[DATA — start]

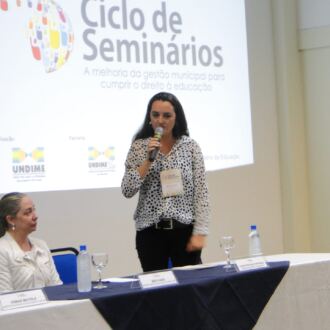Ciclo de Seminários reúne dirigentes e técnicos da educação em Florianópolis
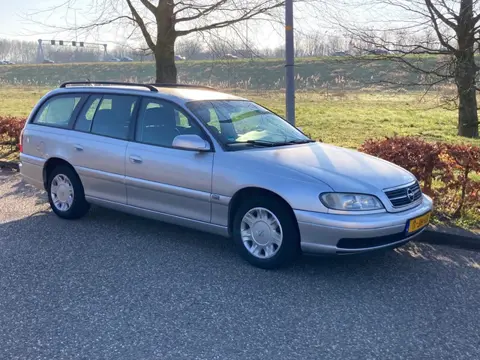 Opel Omega Wagon 2.2i-16V Business Edition Rijklaar Incl nw apk!!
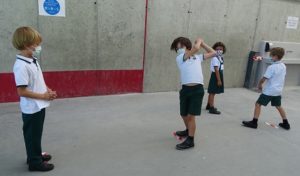 Representando deportes en 2º de Primaria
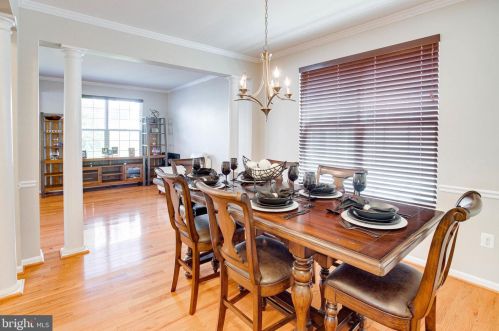 3602 Eagle Ridge Dr, Woodbridge VA  22191-6564 exterior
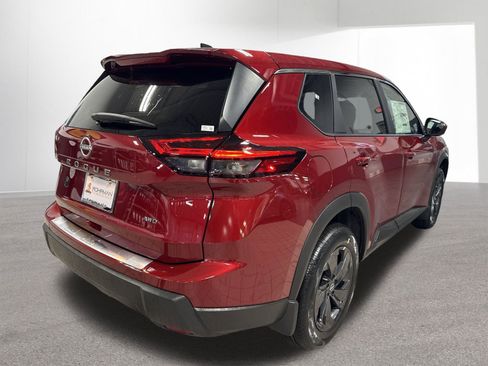 New 2026 Nissan Rogue SV w/ Cold Weather Package AWD/4WD image 40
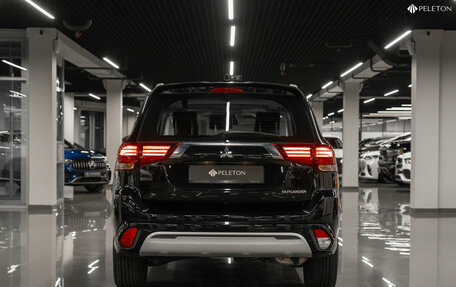 Mitsubishi Outlander III рестайлинг 3, 2022 год, 3 180 000 рублей, 6 фотография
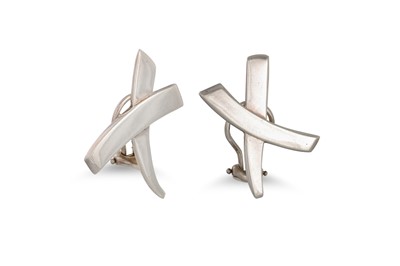 Lot 305 - A PAIR OF MODERN SILVER “X” FORMED TIFFANY &...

[DATA — finish]

» WHAT YOU WILL DO: Lines from the one that contains "New 2026 Nissan" to the final line of the material are the whole answer. Reproduce them word for word and skip the pictures.

» RESPONSE AREA:
 New 2026 Nissan Rogue SV w/ Cold Weather Package AWD/4WD image 40
 Mitsubishi Outlander III рестайлинг 3, 2022 год, 3 180 000 рублей, 6 фотография
 Lot 305 - A PAIR OF MODERN SILVER “X” FORMED TIFFANY &...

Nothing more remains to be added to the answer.